Sitecore Search Multi-language Web Crawler (Advanced). How to extract all content text for search.
In this article, I will guide you through the process of creating an advanced Web Crawler capable of handling multiple languages in Sitecore Search. Additionally, I’ll demonstrate how to extract all text content from <p> tags and utilize it effectively for search functionality.
Let’s get started! To create an advanced Web Crawler, begin by navigating to the Source page and clicking Add Sources. For this article, select Web Crawler (Advanced) as the source type. This setup will allow us to extract all the necessary information from our pages and leverage it for content search.
After creating the Web Crawler, the first step is to configure its settings. The key setting to focus on is Max URLs. For this example, I’ve set the value to 1000, which corresponds to the approximate number of pages on my site. Be sure to adjust this value based on the total number of pages you need to crawl.
Once the Web Crawler settings are configured, the next step is to select a Trigger Type and configure the trigger. Sitecore Search offers five trigger types: JS, RSS, Request, Sitemap, and Sitemap Index. For my Web Crawler, I chose Sitemap as the trigger type. I find this to be a straightforward option for retrieving all pages without the need for complex request logic.
The next important setting is Available Locales. Since my site supports two languages—en (English) and ar-sa (Arabic-Saudi Arabia)—I selected en_us and ar_sa for this configuration. If your desired languages are not already available in Sitecore Search, you can add them by navigating to Administrative -> Domain Setting -> Locale. It’s worth noting that my site uses English without a specified region, but Sitecore Search requires languages to include a region code. In the following steps, I’ll explain how to map Sitecore languages to the corresponding Sitecore Search languages.
When your Web Crawler supports two or more languages, Sitecore Search provides an additional setting called Locale Extractor. This setting allows you to configure the logic that determines which content is associated with each language. The Locale Extractor feature supports three types: URL, Header, and JS. Since I’m using the Sitemap trigger type to crawl all pages from the site map and extract data directly from the HTML of those pages, the most suitable locale types are JS or URL. I chose JS, as it provides the flexibility needed to handle the differences between my Sitecore languages and the languages defined in Sitecore Search.
Code for mapping language from html tag to Sitecore Search.
function extract(request, response) {
$ = response.body;
let langValue = $('html').attr('lang');
if (langValue === 'en') {
langValue = 'en_US';
}
return langValue;
}
As you can see, my logic includes a condition: if the langValue is en, it will be mapped to en_us (the Sitecore Search locale). This ensures that the language code from the HTML tag aligns with the format expected by Sitecore Search.
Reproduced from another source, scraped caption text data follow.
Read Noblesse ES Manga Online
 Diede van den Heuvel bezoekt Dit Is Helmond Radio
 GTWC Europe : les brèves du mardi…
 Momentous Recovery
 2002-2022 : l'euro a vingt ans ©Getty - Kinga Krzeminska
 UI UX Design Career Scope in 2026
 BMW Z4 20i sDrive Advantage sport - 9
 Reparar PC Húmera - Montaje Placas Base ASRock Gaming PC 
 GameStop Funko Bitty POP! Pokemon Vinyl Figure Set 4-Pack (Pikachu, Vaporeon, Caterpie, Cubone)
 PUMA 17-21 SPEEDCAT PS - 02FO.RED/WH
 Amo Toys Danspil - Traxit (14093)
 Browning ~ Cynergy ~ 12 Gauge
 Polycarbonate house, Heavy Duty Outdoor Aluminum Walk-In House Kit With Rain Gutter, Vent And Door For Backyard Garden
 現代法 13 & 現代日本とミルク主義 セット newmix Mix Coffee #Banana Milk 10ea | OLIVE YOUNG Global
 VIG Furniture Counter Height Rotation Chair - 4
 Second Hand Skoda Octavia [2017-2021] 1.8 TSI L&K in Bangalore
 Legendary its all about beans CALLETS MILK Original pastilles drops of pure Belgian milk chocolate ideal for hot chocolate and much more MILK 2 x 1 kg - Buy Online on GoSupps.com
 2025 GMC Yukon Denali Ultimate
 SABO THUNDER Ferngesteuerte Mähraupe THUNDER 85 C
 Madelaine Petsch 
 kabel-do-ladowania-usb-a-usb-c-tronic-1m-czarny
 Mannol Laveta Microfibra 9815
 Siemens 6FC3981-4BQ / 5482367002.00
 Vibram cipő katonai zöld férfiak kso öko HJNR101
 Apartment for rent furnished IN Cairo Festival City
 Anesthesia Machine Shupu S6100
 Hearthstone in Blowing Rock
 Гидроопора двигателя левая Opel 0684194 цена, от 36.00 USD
At this stage, we have configured the Web Crawler to retrieve pages from the Sitemap and associate the content with the correct locales. The final step is to extract the page data (HTML content) and map it to Sitecore Search attributes. To achieve this, we need to configure the Document Extractor. The Document Extractor supports three types: CSS, XPath, and JS. In most cases, XPath is the preferred choice due to its simplicity—it allows you to configure queries without writing code by mapping XPath expressions to available attributes. However, I encountered a limitation with XPath. As you may know, Sitecore pages are composed of multiple components, each potentially containing text information. For a comprehensive search that includes all text from these components, it’s ideal to create a single attribute (e.g., Full Text) to store all textual content, such as text from <p> tags. While XPath supports queries to extract text from all <p> tags, the returned result is an array. Unfortunately, Sitecore Search’s XPath extractor only processes the first element of the array. I also tried creating the Full Text attribute as an array, but this didn’t resolve the issue. To overcome this, I switched to the JS type for the Document Extractor. This allows me to write custom logic to retrieve all <p> tags and combine their text content into a single string attribute. Below is an example of the JavaScript logic used to achieve this:
function extract(request, response) {
$ = response.body;
return [{
'id': $('meta[name="page-id"]').attr('content'),
'name': $('title').text(),
'url': $('link[rel="canonical"]').attr('href'),
'type': $('meta[name="page-type"]').attr('content'),
'title': $('meta[property="og:title"]').attr('content'),
'description': $('meta[property="og:description"]').attr('content'),
//full text logic for get all <p>
'full_text': $('p').map(function() {
return $(this).text().trim();
}).get().join(' ')
}];
}
One important detail to keep in mind for multi-language setups is the Localized checkbox. Don’t forget to enable it, as this ensures that the extracted data is correctly associated with the appropriate language.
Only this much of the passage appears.